Our doughboy statue is an original by sculptor E. M. Viquesney, one of just two that survive in our state and just 134 originals known in existence across the country. Viquesney's design, "The Spirit of the American Doughboy", with its outstretched arm clutching a grenade and striding across a pressed copper no man's land with tree stumps and twisted wire, was extremely popular for municipal memorials of the Great War between 1920 and the late 1930s. After the Statue of Liberty, the Viquesney's doughboy is thought to be the most viewed example of outdoor statuary in the United States.
North Canaan built the pedestal for its monument before it decided on a statue in 1928:
"Shortly after it was built, the townspeople decided they’d like a statue. Before they were to make a choice at a town meeting, Bethel veteran Bill Glass donned his old uniform, obtained a rifle and climbed the monument to assume a Doughboy pose so the townsmen would know how a Spirit of the American Doughboy would look."
The other doughboy statue in Connecticut is in Bethel.
Our doughboy stands on the hill by the Episcopal Church near the site of the old town hall.
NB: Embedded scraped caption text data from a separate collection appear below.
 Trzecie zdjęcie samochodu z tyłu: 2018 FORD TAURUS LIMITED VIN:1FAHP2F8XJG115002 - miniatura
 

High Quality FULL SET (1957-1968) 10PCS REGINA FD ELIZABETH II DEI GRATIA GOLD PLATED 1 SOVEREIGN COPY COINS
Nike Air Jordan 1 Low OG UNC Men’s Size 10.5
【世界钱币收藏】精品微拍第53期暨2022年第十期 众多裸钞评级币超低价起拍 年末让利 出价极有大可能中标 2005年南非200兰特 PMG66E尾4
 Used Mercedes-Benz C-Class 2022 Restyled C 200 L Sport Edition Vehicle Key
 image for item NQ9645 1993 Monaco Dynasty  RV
Every year our Memorial Day parade wends its way through town and down Main Street to the doughboy. The barbed wire is missing from the stumps, but on the whole it has aged well. I remember another Viquesney doughboy in Lancaster, PA that had just the stump of a hand where the grenade should have been. It has since been restored.
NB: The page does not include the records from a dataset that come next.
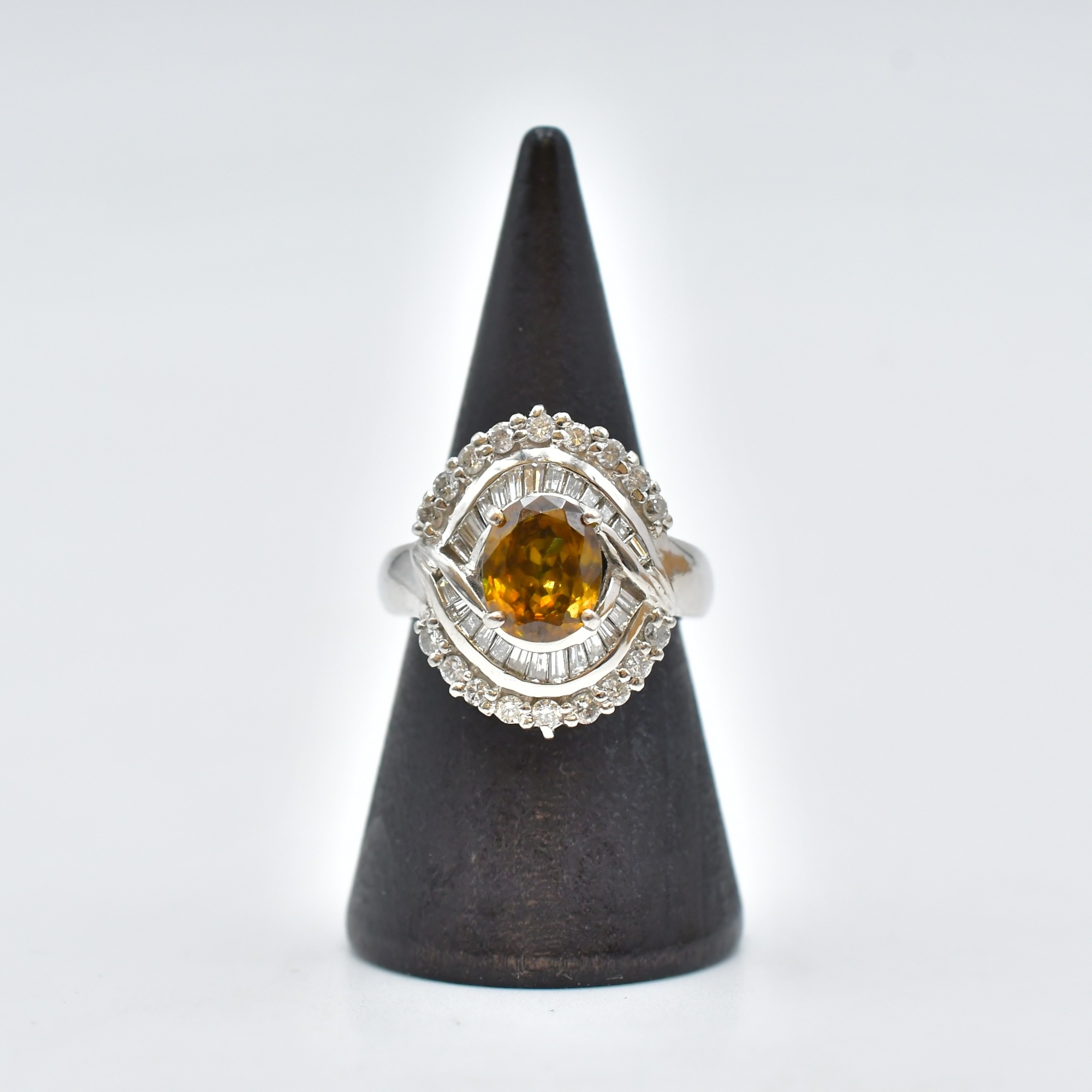 スフェーン ダイヤリング Pt900 1.461ct 1.80ct Bランク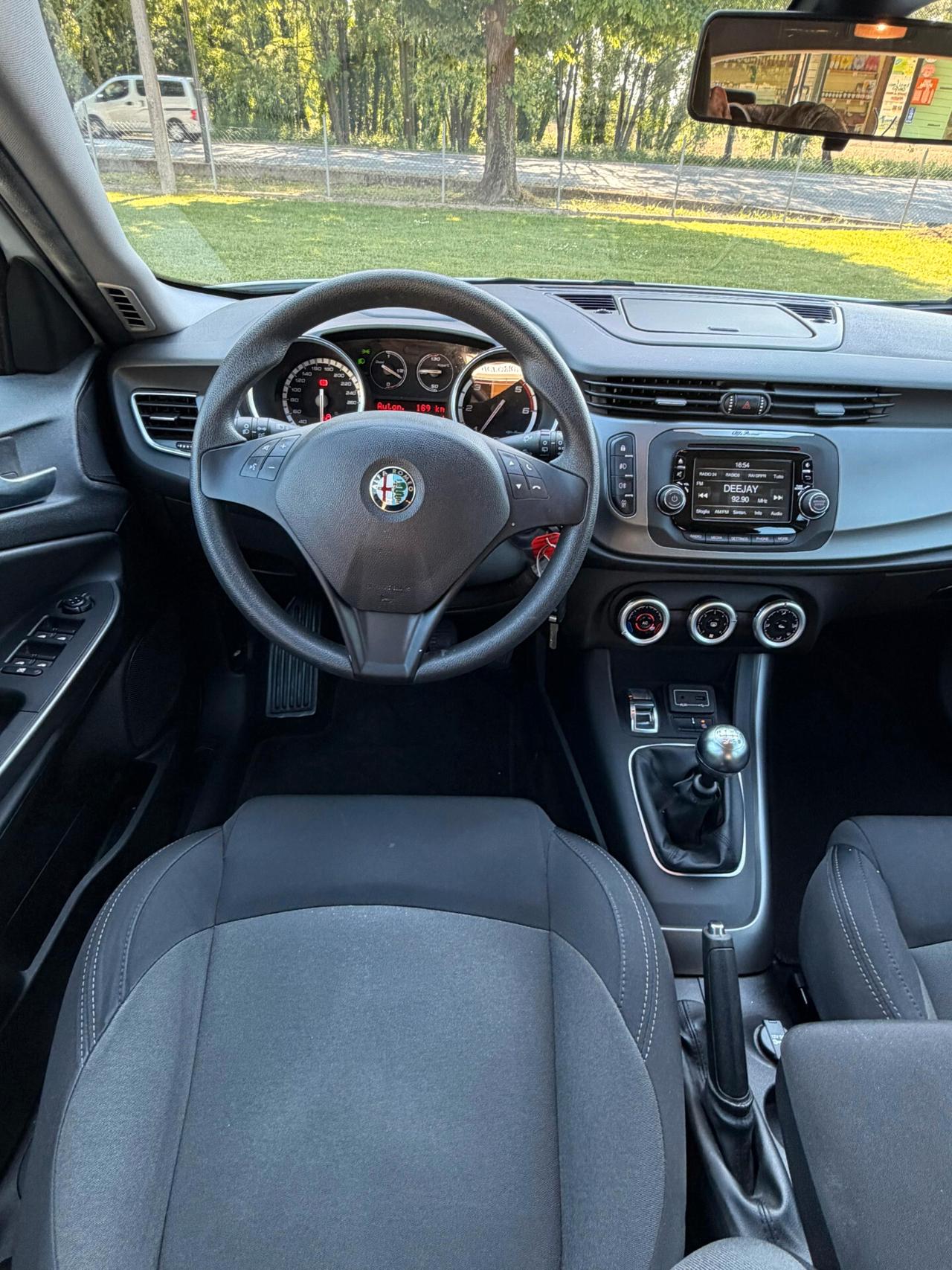 Alfa Romeo Giulietta 1.6 JTDm-2 120 CV Distinctive e6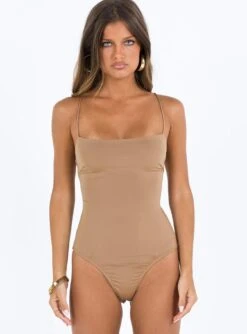 Karlah Bodysuit Beige -Chic Clothing Shop 6 modelinfo elise us2 f0547433 26c9 4597 9eee 2a8c40271766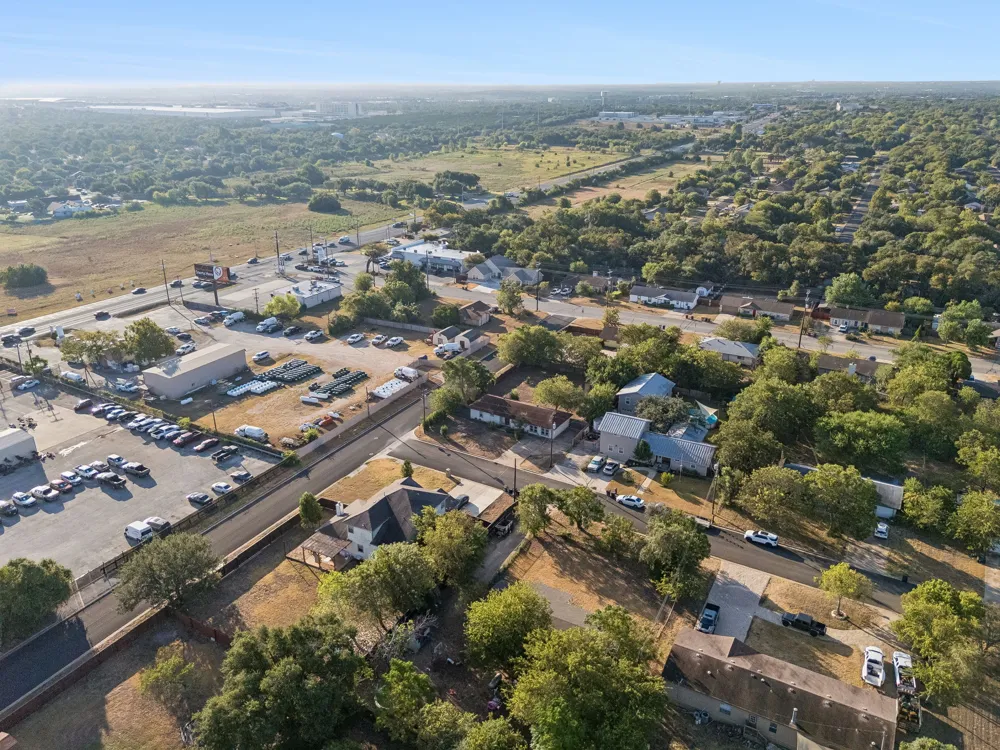 200 Seminole Road Leander, TX 78641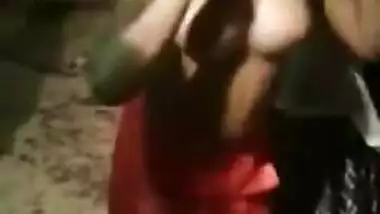 INDIAN TRANSGENDER NUDE DANCE IN PUBLIC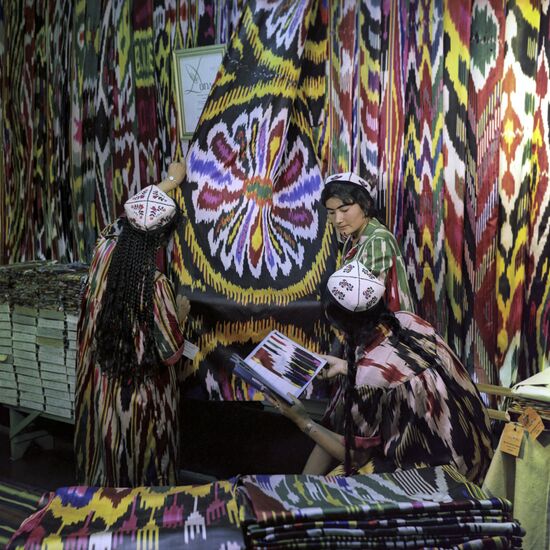 На Маргиланском шелковом комбинате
Our civic taste in war memorials has changed with each generation. We seldom honor our veterans with public statuary anymore, preferring instead the long rolls of honor and reflective granite, except in Washington, where both the Korean and Vietnam War memorials incorporate human figures and faces as well as those long walls of dark stone. Viquesney's design was relatively inexpensive and mass produced, which may have contributed to its popularity. But it was also assertive, standing upright and advancing across what must have been in reality a machine-gun swept field where the front had barely shifted during long years of trench warfare. Both attributes appealed to those wishing to honor the veterans of the Great War, and so the citizens of North Canaan went with the doughboy.